• **Data for processing**
◆ ◆ ◆

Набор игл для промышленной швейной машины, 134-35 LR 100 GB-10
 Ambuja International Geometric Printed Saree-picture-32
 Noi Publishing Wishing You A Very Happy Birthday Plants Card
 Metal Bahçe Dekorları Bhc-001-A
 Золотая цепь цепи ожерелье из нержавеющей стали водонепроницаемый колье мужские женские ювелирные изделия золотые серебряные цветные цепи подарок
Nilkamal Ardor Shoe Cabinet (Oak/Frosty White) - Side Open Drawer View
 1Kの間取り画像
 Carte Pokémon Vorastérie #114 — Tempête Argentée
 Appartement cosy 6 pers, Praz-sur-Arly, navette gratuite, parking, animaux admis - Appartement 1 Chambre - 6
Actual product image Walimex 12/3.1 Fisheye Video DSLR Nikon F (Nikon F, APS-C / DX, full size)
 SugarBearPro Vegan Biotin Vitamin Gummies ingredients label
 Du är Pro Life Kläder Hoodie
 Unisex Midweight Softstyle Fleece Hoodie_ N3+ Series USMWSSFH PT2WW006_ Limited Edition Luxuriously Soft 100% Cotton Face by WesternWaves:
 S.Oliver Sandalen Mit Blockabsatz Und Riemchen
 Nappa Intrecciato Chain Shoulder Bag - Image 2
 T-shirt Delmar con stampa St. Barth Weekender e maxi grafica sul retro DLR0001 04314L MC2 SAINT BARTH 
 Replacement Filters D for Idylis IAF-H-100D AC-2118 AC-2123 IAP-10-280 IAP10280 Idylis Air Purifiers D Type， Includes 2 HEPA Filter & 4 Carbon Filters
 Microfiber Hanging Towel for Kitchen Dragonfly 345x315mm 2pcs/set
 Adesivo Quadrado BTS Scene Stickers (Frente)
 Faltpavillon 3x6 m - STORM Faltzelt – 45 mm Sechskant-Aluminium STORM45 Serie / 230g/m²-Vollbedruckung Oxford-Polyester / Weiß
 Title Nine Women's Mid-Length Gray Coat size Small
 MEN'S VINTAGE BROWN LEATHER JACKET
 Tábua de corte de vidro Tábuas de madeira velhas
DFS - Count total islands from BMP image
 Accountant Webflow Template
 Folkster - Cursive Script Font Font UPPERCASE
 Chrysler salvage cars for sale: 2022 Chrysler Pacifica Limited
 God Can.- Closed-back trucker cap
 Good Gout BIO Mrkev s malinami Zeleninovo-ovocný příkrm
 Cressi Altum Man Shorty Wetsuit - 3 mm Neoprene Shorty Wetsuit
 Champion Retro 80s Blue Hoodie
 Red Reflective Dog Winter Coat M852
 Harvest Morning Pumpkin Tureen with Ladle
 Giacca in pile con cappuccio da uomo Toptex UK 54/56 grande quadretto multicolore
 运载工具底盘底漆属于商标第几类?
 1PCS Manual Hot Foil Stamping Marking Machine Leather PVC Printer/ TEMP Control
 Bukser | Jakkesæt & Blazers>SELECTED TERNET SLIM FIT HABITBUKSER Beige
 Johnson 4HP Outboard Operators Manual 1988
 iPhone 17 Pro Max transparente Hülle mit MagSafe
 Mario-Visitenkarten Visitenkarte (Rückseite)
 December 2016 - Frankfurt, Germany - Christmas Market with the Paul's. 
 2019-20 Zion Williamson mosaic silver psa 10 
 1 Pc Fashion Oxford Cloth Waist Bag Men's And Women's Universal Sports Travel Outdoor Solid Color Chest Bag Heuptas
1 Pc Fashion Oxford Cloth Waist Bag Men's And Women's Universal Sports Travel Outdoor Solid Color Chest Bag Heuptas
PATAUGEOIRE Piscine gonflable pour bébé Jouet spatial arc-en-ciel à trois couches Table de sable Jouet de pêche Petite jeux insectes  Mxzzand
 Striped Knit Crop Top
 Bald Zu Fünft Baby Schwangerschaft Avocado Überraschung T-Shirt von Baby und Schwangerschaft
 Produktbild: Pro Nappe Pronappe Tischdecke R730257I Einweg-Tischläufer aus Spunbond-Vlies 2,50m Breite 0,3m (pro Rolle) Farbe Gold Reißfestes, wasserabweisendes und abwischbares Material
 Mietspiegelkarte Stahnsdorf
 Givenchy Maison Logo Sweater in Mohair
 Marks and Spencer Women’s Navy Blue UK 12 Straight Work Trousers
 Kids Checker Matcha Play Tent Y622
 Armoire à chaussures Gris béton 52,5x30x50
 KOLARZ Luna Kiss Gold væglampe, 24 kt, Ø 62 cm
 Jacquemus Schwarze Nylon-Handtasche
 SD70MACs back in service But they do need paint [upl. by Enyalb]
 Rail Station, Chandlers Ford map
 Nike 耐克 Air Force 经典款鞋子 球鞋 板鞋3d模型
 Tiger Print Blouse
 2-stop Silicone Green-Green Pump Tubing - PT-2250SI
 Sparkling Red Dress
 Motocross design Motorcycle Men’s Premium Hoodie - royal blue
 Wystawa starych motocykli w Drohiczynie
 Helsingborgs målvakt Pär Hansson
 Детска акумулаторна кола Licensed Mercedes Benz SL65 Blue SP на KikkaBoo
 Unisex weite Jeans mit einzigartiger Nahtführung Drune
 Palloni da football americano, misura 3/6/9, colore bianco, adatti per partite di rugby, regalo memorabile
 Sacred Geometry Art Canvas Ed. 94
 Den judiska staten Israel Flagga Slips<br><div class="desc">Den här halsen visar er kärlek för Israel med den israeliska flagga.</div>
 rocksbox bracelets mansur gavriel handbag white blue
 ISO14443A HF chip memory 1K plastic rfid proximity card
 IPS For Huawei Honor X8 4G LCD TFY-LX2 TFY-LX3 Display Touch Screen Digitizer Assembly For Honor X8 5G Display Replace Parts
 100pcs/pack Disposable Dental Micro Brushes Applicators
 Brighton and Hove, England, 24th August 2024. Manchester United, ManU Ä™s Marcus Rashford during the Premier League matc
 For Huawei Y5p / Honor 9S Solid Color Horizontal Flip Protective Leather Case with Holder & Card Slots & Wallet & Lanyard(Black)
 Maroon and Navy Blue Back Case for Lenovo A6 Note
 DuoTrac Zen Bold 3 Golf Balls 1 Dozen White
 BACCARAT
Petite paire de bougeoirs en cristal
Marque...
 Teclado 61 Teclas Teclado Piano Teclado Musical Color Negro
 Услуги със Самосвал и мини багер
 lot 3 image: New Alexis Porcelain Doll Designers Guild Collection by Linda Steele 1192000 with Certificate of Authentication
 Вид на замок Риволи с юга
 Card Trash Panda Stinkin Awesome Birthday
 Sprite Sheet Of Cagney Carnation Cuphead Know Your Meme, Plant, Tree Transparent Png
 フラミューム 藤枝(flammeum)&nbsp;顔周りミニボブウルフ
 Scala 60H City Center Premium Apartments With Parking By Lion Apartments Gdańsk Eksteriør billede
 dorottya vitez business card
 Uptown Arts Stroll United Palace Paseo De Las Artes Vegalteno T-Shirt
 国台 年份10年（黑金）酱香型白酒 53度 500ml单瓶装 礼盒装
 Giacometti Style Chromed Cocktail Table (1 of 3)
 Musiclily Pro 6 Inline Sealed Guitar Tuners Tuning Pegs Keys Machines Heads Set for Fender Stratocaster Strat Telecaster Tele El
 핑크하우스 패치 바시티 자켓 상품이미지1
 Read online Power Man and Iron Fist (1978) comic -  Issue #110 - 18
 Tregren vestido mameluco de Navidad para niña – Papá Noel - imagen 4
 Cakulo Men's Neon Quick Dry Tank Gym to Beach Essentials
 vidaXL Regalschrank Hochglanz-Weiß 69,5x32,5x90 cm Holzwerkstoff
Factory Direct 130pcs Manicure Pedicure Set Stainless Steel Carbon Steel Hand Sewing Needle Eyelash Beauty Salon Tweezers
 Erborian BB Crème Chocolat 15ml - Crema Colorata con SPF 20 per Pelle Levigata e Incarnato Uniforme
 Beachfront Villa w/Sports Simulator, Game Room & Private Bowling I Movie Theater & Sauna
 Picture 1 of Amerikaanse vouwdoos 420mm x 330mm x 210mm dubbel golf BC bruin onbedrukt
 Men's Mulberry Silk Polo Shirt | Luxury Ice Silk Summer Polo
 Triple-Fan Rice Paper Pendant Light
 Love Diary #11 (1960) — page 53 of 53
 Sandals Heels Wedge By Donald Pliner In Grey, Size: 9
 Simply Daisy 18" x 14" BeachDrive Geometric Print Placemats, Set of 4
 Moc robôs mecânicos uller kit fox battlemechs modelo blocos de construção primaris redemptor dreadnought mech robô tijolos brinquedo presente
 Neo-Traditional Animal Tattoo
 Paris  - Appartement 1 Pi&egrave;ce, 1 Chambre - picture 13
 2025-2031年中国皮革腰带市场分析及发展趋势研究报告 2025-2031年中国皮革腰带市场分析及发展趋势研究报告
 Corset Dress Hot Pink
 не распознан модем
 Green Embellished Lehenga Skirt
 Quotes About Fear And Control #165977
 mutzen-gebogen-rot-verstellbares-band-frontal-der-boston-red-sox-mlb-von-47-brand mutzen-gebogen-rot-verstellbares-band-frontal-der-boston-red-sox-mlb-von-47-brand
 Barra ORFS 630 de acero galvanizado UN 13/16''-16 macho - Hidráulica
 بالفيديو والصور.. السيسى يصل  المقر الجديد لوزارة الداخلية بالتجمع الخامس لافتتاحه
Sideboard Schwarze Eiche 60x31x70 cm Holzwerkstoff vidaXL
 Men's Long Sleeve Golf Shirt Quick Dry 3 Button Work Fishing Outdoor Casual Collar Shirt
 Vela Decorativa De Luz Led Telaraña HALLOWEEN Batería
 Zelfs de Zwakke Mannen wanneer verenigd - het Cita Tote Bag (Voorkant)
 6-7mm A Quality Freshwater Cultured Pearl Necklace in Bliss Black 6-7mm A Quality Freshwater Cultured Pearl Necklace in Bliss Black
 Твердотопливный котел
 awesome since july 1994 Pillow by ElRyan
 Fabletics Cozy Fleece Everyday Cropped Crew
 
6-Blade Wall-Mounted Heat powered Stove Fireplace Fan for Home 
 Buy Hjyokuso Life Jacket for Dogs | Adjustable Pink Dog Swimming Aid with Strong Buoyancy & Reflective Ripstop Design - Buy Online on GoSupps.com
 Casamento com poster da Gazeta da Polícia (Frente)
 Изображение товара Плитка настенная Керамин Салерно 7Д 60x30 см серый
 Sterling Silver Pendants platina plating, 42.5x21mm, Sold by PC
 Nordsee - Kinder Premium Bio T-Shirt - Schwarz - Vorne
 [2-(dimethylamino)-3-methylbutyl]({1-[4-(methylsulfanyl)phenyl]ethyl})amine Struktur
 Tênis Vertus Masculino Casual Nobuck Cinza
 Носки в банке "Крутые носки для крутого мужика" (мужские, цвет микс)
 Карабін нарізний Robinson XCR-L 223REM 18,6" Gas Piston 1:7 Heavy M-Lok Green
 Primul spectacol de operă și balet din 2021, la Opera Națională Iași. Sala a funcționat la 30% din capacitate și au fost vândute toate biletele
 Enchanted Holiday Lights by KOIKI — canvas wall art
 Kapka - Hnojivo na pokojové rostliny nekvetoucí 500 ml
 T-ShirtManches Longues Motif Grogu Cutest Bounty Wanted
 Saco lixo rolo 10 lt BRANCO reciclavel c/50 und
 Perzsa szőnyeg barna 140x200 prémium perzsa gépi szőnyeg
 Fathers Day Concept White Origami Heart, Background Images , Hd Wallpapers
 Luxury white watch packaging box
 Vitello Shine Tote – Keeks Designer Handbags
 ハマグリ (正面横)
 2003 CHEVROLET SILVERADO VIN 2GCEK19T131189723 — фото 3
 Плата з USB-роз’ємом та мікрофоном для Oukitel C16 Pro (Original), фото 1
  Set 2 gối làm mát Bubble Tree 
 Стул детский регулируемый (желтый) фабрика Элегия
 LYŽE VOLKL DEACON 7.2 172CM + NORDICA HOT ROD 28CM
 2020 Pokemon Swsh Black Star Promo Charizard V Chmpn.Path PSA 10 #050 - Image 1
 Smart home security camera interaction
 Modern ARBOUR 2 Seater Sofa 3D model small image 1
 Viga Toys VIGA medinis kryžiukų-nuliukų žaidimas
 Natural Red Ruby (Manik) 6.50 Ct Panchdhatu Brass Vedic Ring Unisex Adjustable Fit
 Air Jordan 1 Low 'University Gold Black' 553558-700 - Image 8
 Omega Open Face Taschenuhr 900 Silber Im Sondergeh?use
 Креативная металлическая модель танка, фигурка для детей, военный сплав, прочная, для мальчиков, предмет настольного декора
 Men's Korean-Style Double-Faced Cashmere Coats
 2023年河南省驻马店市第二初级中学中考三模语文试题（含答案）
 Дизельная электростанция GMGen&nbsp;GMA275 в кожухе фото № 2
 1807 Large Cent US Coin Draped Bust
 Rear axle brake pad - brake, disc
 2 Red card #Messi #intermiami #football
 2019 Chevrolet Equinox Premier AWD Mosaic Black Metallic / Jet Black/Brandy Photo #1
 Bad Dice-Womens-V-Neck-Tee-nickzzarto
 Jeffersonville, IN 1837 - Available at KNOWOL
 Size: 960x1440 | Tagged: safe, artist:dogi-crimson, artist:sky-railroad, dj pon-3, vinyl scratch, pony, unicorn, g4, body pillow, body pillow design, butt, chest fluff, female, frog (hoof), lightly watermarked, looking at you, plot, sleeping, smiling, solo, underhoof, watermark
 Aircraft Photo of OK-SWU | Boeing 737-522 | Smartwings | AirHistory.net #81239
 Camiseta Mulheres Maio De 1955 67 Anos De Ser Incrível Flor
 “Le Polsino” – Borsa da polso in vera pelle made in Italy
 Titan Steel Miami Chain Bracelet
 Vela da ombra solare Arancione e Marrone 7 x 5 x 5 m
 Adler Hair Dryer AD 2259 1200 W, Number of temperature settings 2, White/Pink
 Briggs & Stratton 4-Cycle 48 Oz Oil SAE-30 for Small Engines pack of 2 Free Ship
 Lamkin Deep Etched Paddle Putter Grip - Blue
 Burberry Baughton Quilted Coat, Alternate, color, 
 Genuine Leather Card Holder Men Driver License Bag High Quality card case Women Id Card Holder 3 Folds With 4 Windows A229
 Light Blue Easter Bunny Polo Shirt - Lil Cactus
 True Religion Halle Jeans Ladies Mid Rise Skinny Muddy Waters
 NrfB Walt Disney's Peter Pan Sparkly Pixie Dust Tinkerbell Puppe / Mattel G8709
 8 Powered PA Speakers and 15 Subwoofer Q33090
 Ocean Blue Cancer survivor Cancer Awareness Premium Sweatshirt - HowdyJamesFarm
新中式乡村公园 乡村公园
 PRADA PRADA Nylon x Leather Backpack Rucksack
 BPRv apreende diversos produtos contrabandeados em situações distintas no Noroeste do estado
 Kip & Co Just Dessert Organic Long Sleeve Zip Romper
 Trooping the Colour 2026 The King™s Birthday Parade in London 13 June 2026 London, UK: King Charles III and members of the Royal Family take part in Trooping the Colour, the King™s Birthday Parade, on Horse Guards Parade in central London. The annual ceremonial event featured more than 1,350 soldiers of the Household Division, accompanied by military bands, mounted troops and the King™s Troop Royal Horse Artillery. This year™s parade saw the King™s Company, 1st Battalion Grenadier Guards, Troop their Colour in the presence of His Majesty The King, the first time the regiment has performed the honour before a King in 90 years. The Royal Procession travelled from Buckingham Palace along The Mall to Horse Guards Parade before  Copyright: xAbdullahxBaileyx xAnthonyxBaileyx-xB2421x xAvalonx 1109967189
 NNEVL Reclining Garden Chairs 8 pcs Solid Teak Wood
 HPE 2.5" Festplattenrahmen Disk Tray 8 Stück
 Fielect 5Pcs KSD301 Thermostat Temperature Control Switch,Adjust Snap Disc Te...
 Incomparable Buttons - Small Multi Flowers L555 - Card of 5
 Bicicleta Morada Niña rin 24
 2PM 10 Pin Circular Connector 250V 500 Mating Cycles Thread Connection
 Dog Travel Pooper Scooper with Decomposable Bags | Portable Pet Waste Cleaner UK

◆ ◆ ◆

• **Task statement**
All lines above from the one with "Quotes About Fear And Control #165977" to the one with "Primul spectacol de", inclusive, should be copied exactly, and no other lines.

• **Response**
 Quotes About Fear And Control #165977
 mutzen-gebogen-rot-verstellbares-band-frontal-der-boston-red-sox-mlb-von-47-brand mutzen-gebogen-rot-verstellbares-band-frontal-der-boston-red-sox-mlb-von-47-brand
 Barra ORFS 630 de acero galvanizado UN 13/16''-16 macho - Hidráulica
 بالفيديو والصور.. السيسى يصل  المقر الجديد لوزارة الداخلية بالتجمع الخامس لافتتاحه
Sideboard Schwarze Eiche 60x31x70 cm Holzwerkstoff vidaXL
 Men's Long Sleeve Golf Shirt Quick Dry 3 Button Work Fishing Outdoor Casual Collar Shirt
 Vela Decorativa De Luz Led Telaraña HALLOWEEN Batería
 Zelfs de Zwakke Mannen wanneer verenigd - het Cita Tote Bag (Voorkant)
 6-7mm A Quality Freshwater Cultured Pearl Necklace in Bliss Black 6-7mm A Quality Freshwater Cultured Pearl Necklace in Bliss Black
 Твердотопливный котел
 awesome since july 1994 Pillow by ElRyan
 Fabletics Cozy Fleece Everyday Cropped Crew
 
6-Blade Wall-Mounted Heat powered Stove Fireplace Fan for Home 
 Buy Hjyokuso Life Jacket for Dogs | Adjustable Pink Dog Swimming Aid with Strong Buoyancy & Reflective Ripstop Design - Buy Online on GoSupps.com
 Casamento com poster da Gazeta da Polícia (Frente)
 Изображение товара Плитка настенная Керамин Салерно 7Д 60x30 см серый
 Sterling Silver Pendants platina plating, 42.5x21mm, Sold by PC
 Nordsee - Kinder Premium Bio T-Shirt - Schwarz - Vorne
 [2-(dimethylamino)-3-methylbutyl]({1-[4-(methylsulfanyl)phenyl]ethyl})amine Struktur
 Tênis Vertus Masculino Casual Nobuck Cinza
 Носки в банке "Крутые носки для крутого мужика" (мужские, цвет микс)
 Карабін нарізний Robinson XCR-L 223REM 18,6" Gas Piston 1:7 Heavy M-Lok Green
 Primul spectacol de operă și balet din 2021, la Opera Națională Iași. Sala a funcționat la 30% din capacitate și au fost vândute toate biletele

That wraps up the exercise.